* _Work to be completed_: For this exercise, copy exactly every line from the one holding "Dinosaur Omeisaurus in" through the end of the data, both included. Omit pictures.

Given information Start Marker

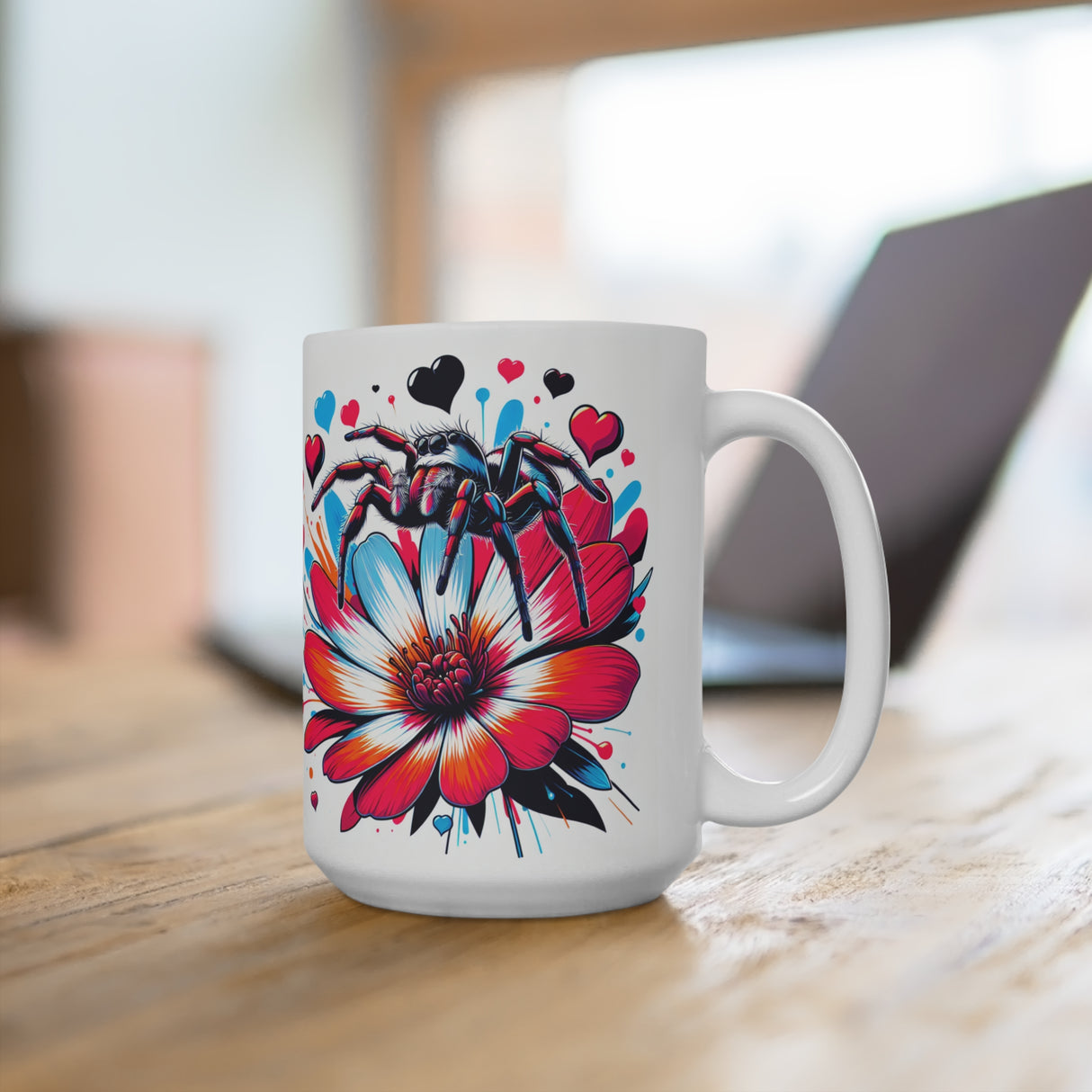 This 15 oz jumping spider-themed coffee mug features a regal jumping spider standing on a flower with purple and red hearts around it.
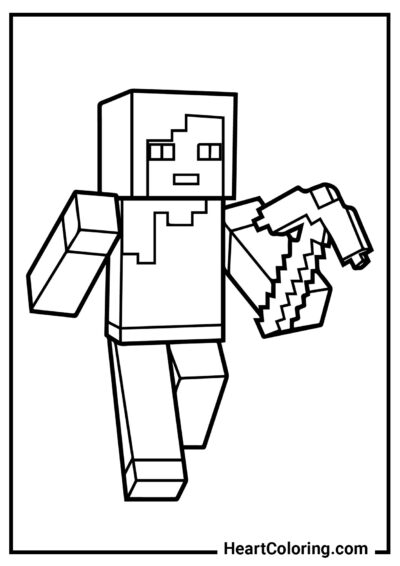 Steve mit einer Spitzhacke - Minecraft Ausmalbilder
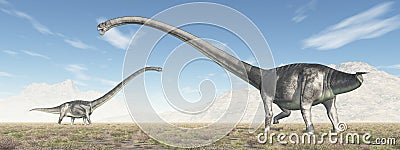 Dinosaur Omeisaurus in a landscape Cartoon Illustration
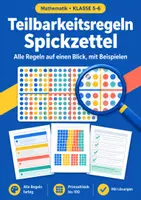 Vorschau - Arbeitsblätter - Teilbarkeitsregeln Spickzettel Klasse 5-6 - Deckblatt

Given information End Marker

* _Expected answer_:
 Dinosaur Omeisaurus in a landscape Cartoon Illustration
 Vorschau - Arbeitsblätter - Teilbarkeitsregeln Spickzettel Klasse 5-6 - Deckblatt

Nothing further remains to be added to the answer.